Empirically, the project will produce new knowledge of the movements of waste at all stages of its life cycle, increase our understanding of the leaky realities of and naturecultural entanglements with waste across society, paying also attention to what happens to waste in its circulation and how waste shapes us humans and our relations.

As for methodological innovation, in contrast to standard social scientific methods that give primacy to human agency and privilege language, meanings, and culture, the project will develop a relational more-than-human ethnography as a means to address and attend to the activity and dynamism of matter and our entanglement with it in empirical terms. It will bridge the gap between new materialist/posthumanist theories and empirical research, and thereby hopefully provide future research in several fields within the social sciences and humanities important methodological development with regard to avoiding human exceptionalism and examining the world in which we live as both a human and non-human world.

When it comes to theory, the project will create and refine conceptual and analytical tools to understand the co-constitution of waste and society and present a new scalar imagination for the social sciences and the humanities, attentive to the enactment and coming into being of the multiple spatiotemporal scales of our entanglement with waste matter in particular and of society more generally.
The WasteMatters project has already succeeded in its mission of conducting innovative, pioneering and multidisciplinary research on waste. The publication outputs of the WasteMatters project consist so far of thirteen (13) peer-reviewed journal articles (either published or accepted for publication), ten (10) book chapters (published or accepted for publication), one (1) conference proceeding, two (2) books (accepted for publication) and two (2) journal special issues. Additionally, ten (10) journal articles, one (1) book chapter and one (1) journal special issue are currently under review/revision. During the reporting period, the researchers of the WasteMatters team have also given a total of thirty-three (33) presentations in twenty-three (23) conferences around the world. Thus far, the team members have also given a total of twelve (12) talks and presentations on other occasions, such as invited talks at hosting university departments. In addition to the presentations and talks, the WasteMatters group has also organised events themselves, including eight (8) workshops and three (3) exhibitions, and produced four (4) artworks.
The results that we have got so far first of all shed critical light on the waste-to-resource idea that is predominant in the Circular Economy. Our results pinpoint and discuss some of the blind spots and shortcomings of key Circular Economy principles. Our results also suggest that these shortcomings are intimately connected to a scalar reasoning ruled by strict, disjunctive categories, and therefore we propose a novel trans-scalar approach attentitve to the multiple co-constituted spatialities, social relations and fluid materials of the Circular Economy. However, more empirical work still needs to be conducted by us in the project to be able to make explicit empirically how it is the the spatial and temporal scales of waste are enacted.

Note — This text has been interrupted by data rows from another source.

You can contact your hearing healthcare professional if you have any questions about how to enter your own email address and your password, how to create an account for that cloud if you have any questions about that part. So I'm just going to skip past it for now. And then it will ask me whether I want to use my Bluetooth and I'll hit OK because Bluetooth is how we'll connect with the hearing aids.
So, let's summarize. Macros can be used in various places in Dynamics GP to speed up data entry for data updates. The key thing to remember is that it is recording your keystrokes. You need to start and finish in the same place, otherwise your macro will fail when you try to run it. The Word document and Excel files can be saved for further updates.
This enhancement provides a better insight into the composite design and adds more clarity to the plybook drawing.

We have also addressed the fundamental role of containers in making waste manageable. The work we have done on containment and leakage has however potential to contribute also to a much wider range of scholarly discussions and debates beyond the field of waste studies. Further research is being currently done to examine the interplay of containment and leakage in waste management empirically in detail and at depth.

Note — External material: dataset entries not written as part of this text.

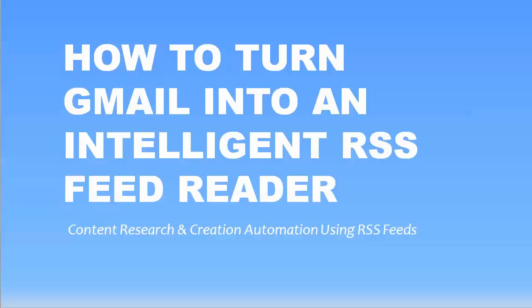Hi, this is Lisa Allen, and in this video I'm going to show you how to turn Gmail into a really intelligent RSS feed reader.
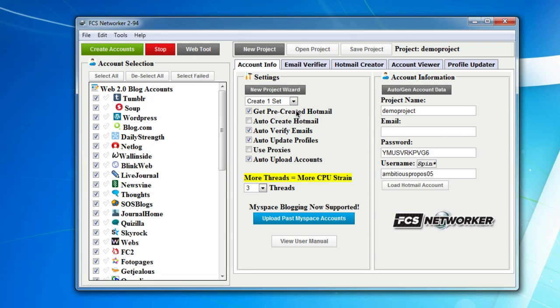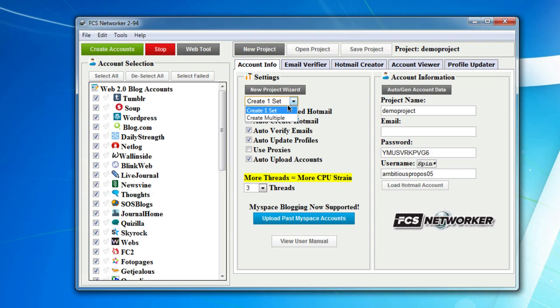It's selected to auto-verify the emails after account creation, then it's going to auto-update the profiles of the accounts we've created, and then after all that it's going to auto-upload those accounts to the web tool. It's basically hands-free. You can set how many of these you want to create.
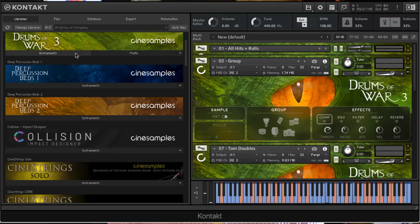Hey everybody, Amanda Muse here from the CineSamples production team. I want to walk you through our newest library, Drums of War 3.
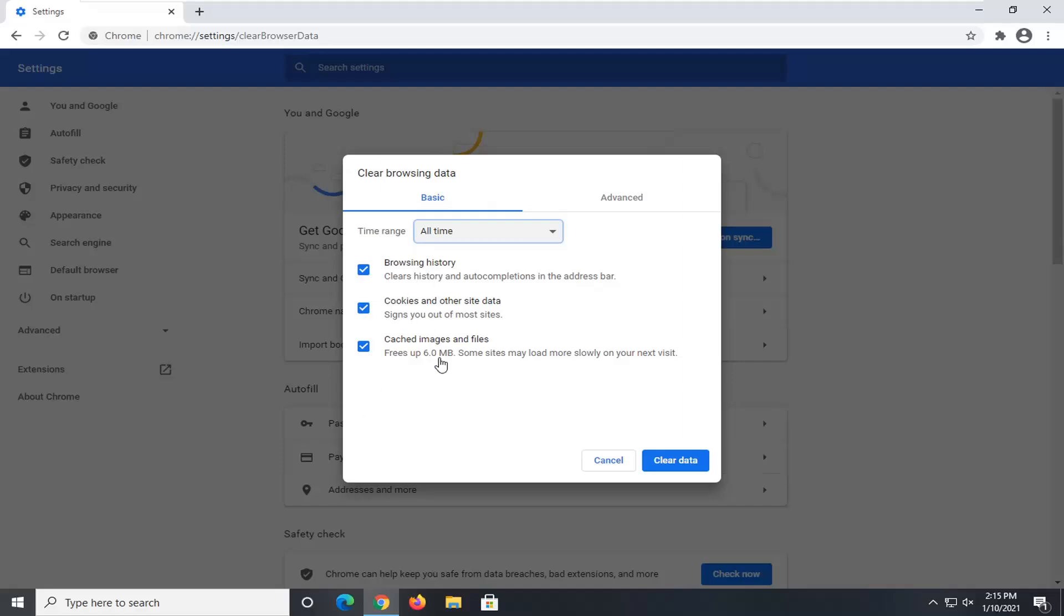Go ahead and keep them all checkmarked. You don't have to. The later two options, if you want to save some autofill password data, if you sign into other websites regularly, you're going to have to enter back in your password if you keep these other options checked. But regardless, we're going to just clear everything and then select clear data.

Our results so far also address what does not disappear properly and how that absence-presence affects our relations, actions and being. We have studied for example how secrecy takes place in relation to energy infrastructure, and in nuclear waste repositories.

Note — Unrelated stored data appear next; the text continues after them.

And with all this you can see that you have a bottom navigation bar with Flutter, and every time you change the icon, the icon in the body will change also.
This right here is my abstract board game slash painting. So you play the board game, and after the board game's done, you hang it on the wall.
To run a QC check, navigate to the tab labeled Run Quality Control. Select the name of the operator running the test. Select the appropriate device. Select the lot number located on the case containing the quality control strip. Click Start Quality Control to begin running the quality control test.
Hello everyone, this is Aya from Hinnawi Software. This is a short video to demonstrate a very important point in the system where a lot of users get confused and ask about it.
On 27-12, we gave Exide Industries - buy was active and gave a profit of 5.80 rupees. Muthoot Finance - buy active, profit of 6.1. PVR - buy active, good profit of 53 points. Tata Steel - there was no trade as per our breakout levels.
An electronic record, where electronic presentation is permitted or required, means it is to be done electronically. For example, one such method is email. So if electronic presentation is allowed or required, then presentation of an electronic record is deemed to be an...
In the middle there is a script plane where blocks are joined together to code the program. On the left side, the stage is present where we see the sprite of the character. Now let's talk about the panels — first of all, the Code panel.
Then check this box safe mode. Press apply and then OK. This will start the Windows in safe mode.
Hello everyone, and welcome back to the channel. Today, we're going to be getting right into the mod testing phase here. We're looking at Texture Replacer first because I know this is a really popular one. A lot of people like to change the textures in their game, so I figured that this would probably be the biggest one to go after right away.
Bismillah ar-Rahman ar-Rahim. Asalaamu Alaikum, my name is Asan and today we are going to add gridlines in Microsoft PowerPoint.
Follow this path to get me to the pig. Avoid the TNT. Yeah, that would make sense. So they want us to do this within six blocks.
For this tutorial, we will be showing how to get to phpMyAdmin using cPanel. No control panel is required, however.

We have also published the first review article that examines the current Circular Economy literature through a social scientific lens. Social scientific perspectives have received fairly little attention within the CE scholarship, even though a successful Circular Economy transition necessarily involves a societal change and a change in everyday social practices and relations, and therefore this article has potential to make a significant impact.